# [Assignment]
Find each line of the entries with the string "Limited", please, and copy it.

### Records supplied ###

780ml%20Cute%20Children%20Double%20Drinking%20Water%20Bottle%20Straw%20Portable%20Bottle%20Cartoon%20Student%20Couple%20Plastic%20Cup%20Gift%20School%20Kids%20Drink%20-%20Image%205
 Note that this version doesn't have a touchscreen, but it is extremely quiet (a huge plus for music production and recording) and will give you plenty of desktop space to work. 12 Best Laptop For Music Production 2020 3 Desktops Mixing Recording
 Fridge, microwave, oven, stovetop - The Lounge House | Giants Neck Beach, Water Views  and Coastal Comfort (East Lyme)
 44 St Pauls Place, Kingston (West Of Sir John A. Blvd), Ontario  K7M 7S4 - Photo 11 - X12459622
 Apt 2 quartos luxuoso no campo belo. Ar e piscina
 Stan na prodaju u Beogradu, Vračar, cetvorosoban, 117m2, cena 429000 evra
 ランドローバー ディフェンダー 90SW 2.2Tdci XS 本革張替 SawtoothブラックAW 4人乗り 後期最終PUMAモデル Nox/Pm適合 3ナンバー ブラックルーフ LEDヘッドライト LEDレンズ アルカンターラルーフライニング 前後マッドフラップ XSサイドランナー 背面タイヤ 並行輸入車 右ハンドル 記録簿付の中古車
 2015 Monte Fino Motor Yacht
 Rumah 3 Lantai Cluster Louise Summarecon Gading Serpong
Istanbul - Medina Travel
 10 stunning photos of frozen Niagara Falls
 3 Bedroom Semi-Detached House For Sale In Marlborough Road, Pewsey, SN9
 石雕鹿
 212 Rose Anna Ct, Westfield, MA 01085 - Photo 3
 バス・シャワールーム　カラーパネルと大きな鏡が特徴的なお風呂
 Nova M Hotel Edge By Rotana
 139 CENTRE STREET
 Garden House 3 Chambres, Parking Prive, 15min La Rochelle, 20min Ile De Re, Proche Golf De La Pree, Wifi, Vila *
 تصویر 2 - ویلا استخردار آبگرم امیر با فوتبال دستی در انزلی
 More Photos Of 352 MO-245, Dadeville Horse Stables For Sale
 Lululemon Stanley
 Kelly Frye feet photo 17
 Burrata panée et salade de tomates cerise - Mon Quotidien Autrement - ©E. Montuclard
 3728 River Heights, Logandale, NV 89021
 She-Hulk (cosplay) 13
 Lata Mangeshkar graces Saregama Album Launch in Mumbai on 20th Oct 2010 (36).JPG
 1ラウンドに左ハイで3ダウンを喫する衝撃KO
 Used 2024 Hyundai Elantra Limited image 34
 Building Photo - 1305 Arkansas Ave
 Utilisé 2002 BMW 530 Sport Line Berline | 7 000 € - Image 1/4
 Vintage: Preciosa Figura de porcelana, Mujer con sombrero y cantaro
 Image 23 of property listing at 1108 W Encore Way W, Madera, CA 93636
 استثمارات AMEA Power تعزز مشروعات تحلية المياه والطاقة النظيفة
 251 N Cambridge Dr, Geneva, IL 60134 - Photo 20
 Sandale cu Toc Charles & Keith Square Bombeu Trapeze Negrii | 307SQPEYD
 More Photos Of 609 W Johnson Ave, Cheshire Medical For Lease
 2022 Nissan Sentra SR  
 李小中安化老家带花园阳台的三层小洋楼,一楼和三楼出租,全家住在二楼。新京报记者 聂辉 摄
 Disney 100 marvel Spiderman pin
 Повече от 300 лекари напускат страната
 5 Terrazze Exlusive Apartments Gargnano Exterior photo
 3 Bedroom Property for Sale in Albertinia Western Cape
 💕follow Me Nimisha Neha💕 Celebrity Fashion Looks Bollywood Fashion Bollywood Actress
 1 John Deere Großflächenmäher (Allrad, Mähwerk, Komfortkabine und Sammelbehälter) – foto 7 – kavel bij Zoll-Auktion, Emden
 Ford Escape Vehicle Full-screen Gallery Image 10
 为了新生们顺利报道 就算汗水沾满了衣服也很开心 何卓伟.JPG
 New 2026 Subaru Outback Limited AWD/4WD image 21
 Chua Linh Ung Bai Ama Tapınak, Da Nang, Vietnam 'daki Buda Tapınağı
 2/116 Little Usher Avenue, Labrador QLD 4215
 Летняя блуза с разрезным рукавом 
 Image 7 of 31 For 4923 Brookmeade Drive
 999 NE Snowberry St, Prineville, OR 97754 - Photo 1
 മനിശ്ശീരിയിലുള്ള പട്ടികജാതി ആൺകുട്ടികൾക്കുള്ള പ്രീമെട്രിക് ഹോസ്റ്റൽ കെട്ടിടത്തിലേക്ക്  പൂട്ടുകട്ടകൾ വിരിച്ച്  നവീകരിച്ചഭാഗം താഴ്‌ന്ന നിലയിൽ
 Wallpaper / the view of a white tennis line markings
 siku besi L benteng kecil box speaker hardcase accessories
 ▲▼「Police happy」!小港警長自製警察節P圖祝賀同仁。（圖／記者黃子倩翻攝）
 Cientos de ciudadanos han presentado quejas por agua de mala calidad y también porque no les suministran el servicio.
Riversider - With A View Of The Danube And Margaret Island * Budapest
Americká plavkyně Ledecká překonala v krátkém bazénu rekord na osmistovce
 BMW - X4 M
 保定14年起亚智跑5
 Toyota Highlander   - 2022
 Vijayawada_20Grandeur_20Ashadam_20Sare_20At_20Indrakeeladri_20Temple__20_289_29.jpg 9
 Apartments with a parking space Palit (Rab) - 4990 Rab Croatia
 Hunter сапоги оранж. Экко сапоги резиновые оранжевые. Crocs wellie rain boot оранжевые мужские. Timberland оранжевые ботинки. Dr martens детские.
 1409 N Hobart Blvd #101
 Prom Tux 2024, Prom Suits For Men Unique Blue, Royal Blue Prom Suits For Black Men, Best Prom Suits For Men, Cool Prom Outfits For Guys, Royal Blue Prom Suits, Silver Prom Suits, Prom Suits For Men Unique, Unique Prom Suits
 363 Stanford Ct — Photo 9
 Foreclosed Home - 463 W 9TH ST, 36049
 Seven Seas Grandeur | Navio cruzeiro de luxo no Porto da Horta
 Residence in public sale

###

# [Result of the exercise]
 Used 2024 Hyundai Elantra Limited image 34
 New 2026 Subaru Outback Limited AWD/4WD image 21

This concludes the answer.